Patients with encephalitis usually present with high grade fever, headache, and altered sensorium. The headache is like any other intracranial infection and the fever is usually high grade with chills and rigors. Patients with encephalitis characteristically do not have neck rigidity. Behavioral problems are common, particularly in patients with herpes simplex encephalitis who present with apathy, aphasia, or generalized irritability. Seizures are common in viral encephalitis.
- The CSF in encephalitis demonstrates a lymphocytic pleocytosis with normal or mildly reduced sugars and normal proteins.

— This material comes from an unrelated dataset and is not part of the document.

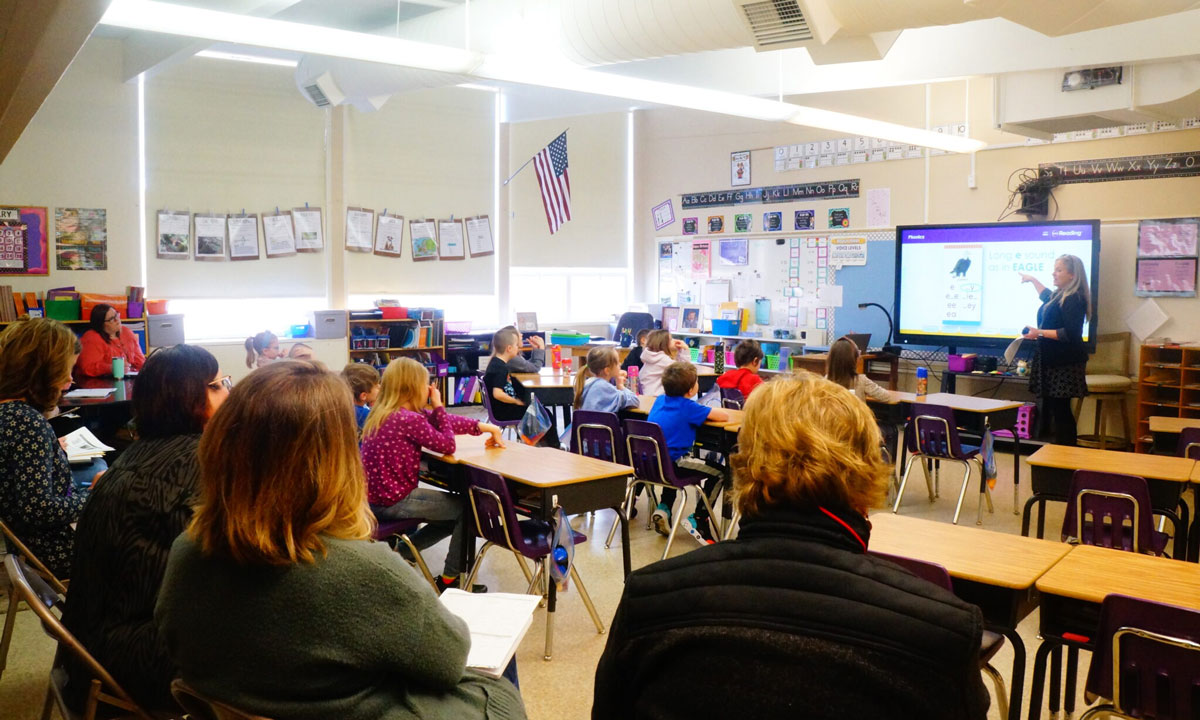 This is a photo of teachers in a classroom evaluating a reading lesson.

- Herpes virus antigen can be detected in the CSF and PCR for viral DNA may be positive; however these tests are available only in referral centers.
- The CT scan may show changes with hypointense areas in the temporofrontal region.
- MRI is a better modality of investigation and shows areas of hypointensity in the frontotemporal region, even in cases where the CT scan may be normal.
- EEG shows abnormal lateralized discharges in the region of the frontotemporal region.
- Acyclovir is the drug of choice and is given in 10 mg/kg every eight hourly for at least 14 days or till the CSF PCR comes negative (whichever is earlier).
- If the treatment begins in time the response to treatment can be very rewarding and a clinical cure might be expected.
- Anitepileptics might be required if there are associated seizures.
| Headache Attributed to Brain Abscess|| |
Headache is a common finding in patients with brain abscess. The presence of a febrile encephalopathy with focal neurological deficits is indicator of an evolving brain abscess. The presence of an associated ear discharge, frontal sinusitis, head injury, or history of recent head surgery should heighten clinical suspicion. The most common organisms causing brain abscess include streptococcus, Staphylococcus aureus, bacteroides species, and enterobacter.
- Headache is the most important feature.
- Fever may or may not be present, and if present is usually associated with chills.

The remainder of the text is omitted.